I spent most of yesterday getting stressed over how much I hate this time of year. All the miserable and uncomfortable Christmases in my life, even though outnumbered by the happy ones, rise up from memory like a dark tidal wave, and completely overwhelm them. I spent the morning working on the weather blanket and listening to podcasts, and then in the afternoon telling the therapist how ashamed I am that that’s all I’ve been doing, as well as about all the dark Christmases there have been in in my life, and how much I hate this time of year – in between bouts of weeping.

We got into the usual argument about what I ‘should’ or ‘shouldn’t’ be doing (‘should’ is like a red rag to a bull for her) and when she asked if it wasn’t just those voices from the past telling me what to do, I got irritated, because, no, it isn’t just that – I know for myself that I would feel better if I did all those things that I ignore in favour of sitting and crocheting.

‘What do you think will happen?’ she asked.

‘Well, it’s not healthy is it? I’d just go into a downward spiral and sink down and down’ I told her, waving my finger round in circles.

‘What’s your worst fantasy of what might happen, if you took it to the extreme?’

To the extreme??? I thought. What a bloody stupid question – like the question about what do you really want from life if money and reality and the law of gravity were no object – what’s the point of asking that?

‘That by the time I was missed, someone would have to break into the house and find me rotting, surrounded by piles of rubbish, and with half my face missing because the cat’s eaten it’ was what I actually said.

I woke as usual at four this morning, but instead of filling the time with podcasts and reading, I spent an hour brooding, just like old times. Then at five, I started reading some more of ‘Out of Sheer Rage’, and to my surprise finished it, although my Kindle said I was only 85% through it – the last 15% was taken up with footnotes and a preview of another book. I was telling the therapist about it yesterday, and how much I’ve enjoyed it, and she asked if it made me feel less alone, which it did, but like the dyspraxia forum in a bittersweet way, because it IS good to know I’m not the only one, but also depressing in that it suggests to me that there really is no way out.

But there are so many bits that I wanted to highlight, and I will share this one:

‘thinking of giving up is probably the one thing that’s kept me going. I think about it on a daily basis but always come up against the problem of what to do when I’ve given up. Give up one thing and you’re immediately obliged to do something else. The only way to give up totally is to kill yourself but that one act requires an assertion of will equal to the total amount that would be expanded (sic) in the rest of a normal lifetime.”
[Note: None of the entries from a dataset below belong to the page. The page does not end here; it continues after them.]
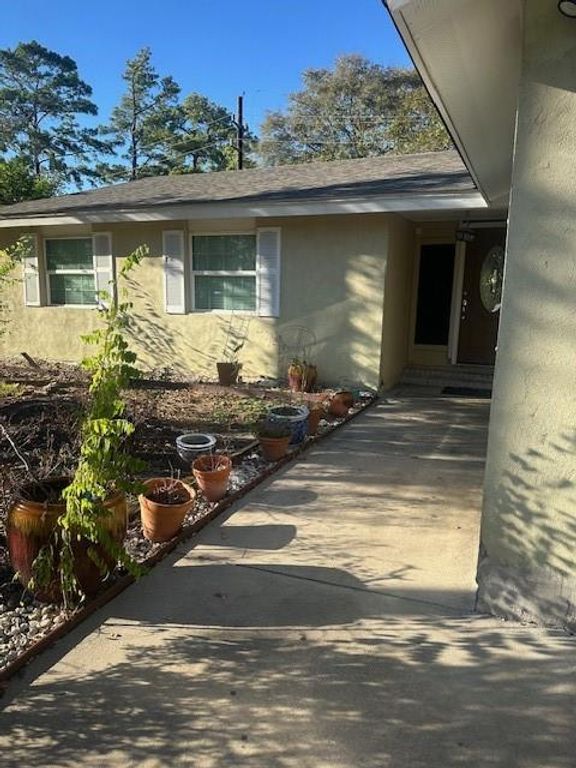 4303 Chestergate Drive, Spring, TX 77373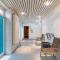Haus Panorama, Whg 17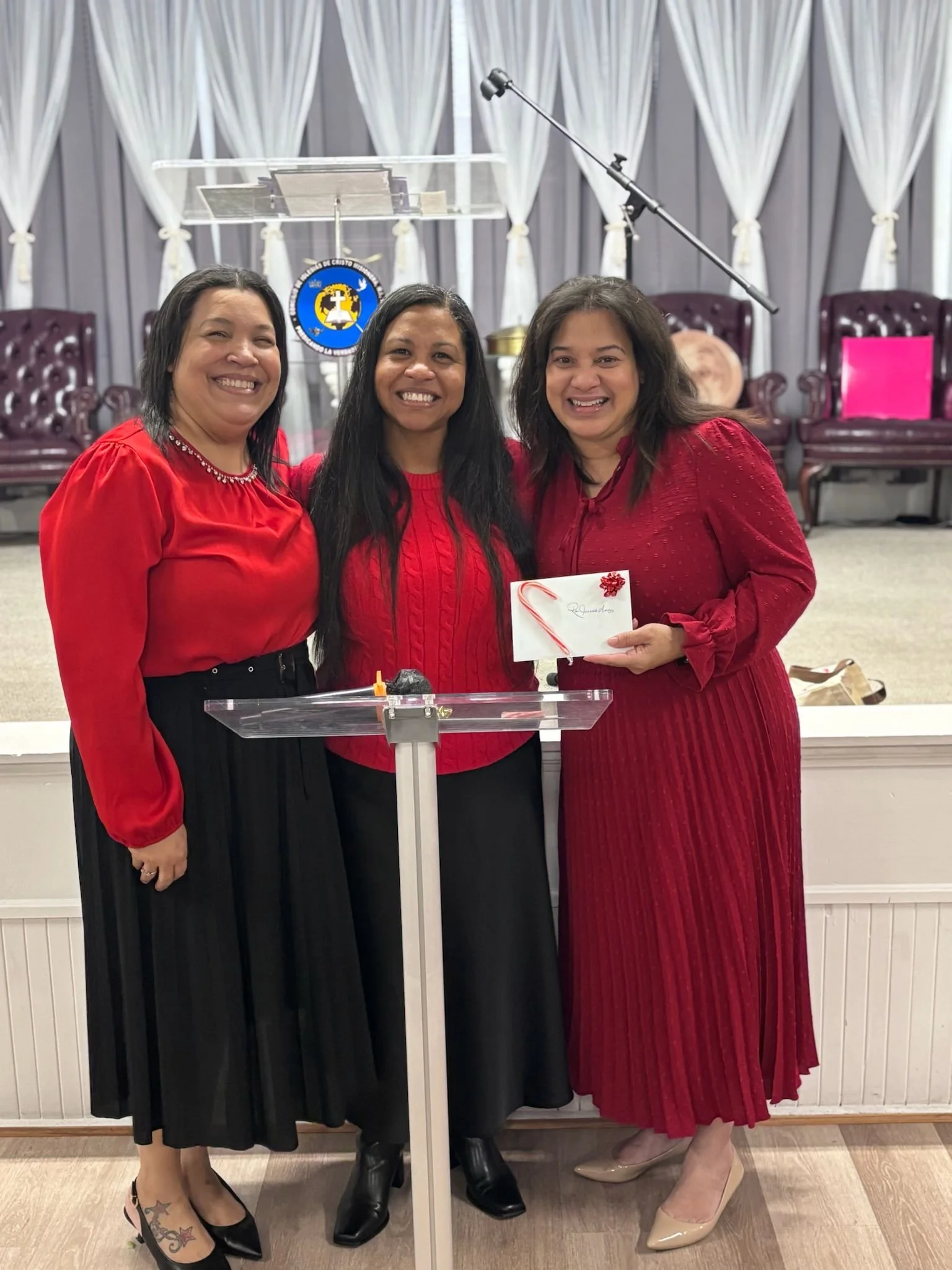 WhatsApp Image 2025-12-06 at 11.49.04 PM (1).jpeg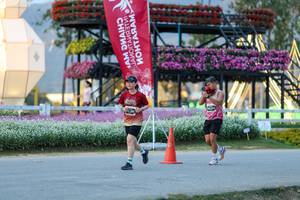 BIB: 
                            <button type="button" onclick="openModal(27908857)" class="btn btn-primary btn-sm float-right btn-popup" data-toggle="modal" data-target=".modal-high-quality">
                        <i class="fas fa-shopping-cart"></i> Add to Cart
                    </button>
                                            <button type="button" onclick="isThisMe(27908857, true)" class="btn btn-success btn-sm float-right btn-popup btn-isme hidden" data-toggle="tooltip" data-placement="bottom" title="นี่คือรูปของคุณใช่ไหม คลิกที่นี่เพื่อเอาเข้าอัลบั้ม">
                        <i class="fas fa-plus"></i> Add to album
                    </button>
                    <button type="button" onclick="isThisMe(27908857, false)" class="btn btn-warning btn-sm float-right btn-popup btn-isnotme hidden">
                        <i class="fas fa-ban"></i> Remove from album
                    </button>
“Out of Sheer Rage: In the Shadow of D. H. Lawrence” by Geoff Dyer

Dodgy Knee

I think my version of hibernation is waking three hours before sunrise and lying in bed listening to podcasts or reading from my Kindle until about seven then getting up, doing my exercises, making coffee and coming on here to write this blog. Three hours before sunrise is pretty much the same time as sunrise was six months ago, when I was waking around the same time but it wasn’t dark. The advice I had from the insomnia clinic, years ago, was to get up rather than lying in bed, so that my brain would be trained to associate bed with sleep, but that ship has not only sailed, but long ago disappeared below the horizon, and I might as well just listen or read. Sometimes I do drift back to sleep again, and some days, like today, it gets to this time (it’s half past eight) and I think – maybe I could go back to sleep now (except I can’t, because I’ve got wet hair and a towel round my head, and anyway if I lay down on the bed I probably wouldn’t get back to sleep, just waste another half hour or so trying to, and even if I did I’d hate it when I did wake up, because I’d have wasted half the day).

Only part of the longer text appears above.